夢江南 一 李煜
千萬恨 千万の恨み
恨極在天涯 恨みの極まるは天の涯にあり
山月不知心裏事 山にかかる月は知らず心の裏(うち)の事
水風空落眼前花 水もふく風に空しく落つ眼の前りの花
揺曳碧雲斜 揺曳として碧雲斜めなり
夢江南 二
梳洗罷 梳洗(そせん)罷(おわ)り
獨倚望江樓 独り望江の樓に倚る
過盡千帆皆不是 過ぎ尽くす千帆皆是れならず
斜暉脈脈水悠悠 斜めの暉(ひ)ざしは脈脈たり 水は悠悠たり
腸斷白蘋洲 腸は断つ白蘋の洲
村上哲見注:中国詩人全集「李煜」, 岩波書店, 1990
*李煜(りいく):五代十国時代の南唐最後の君主、詩人皇帝、南唐後主。亡国の後、北宋の地で三年間の軟禁生活を送る。馬銭子から成る牽機薬で最期を迎えたとされる(王銍著「黙記」上巻に記載)。

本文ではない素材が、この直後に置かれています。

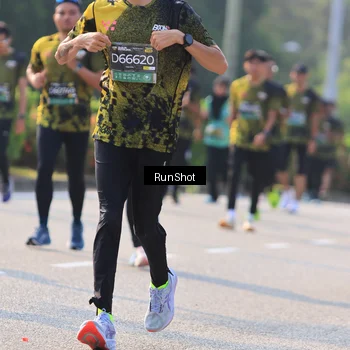 Runner Photo 7004128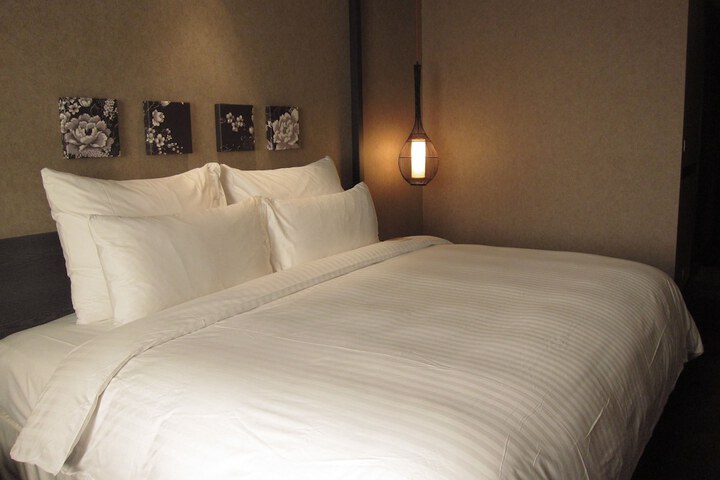 Room 3 of 41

*馬銭子:馬銭(マチン)は学名Strychnos nux-vomica.L.、マチン科マチン属の常緑高木で、猛毒性のstrychnineを含む代表的植物である。成熟果実の種子を基原とする生薬が馬銭子で、性寒・味苦・有大毒、帰経は肝・脾経、効能は通絡止痛、散結消腫である。
*馬銭子:馬銭(マチン)は学名Strychnos nux-vomica.L.、マチン科マチン属の常緑高木で、猛毒性のstrychnineを含む代表的植物である。成熟果実の種子を基原とする生薬が馬銭子で、性寒・味苦・有大毒、帰経は肝・脾経、効能は通絡止痛、散結消腫である。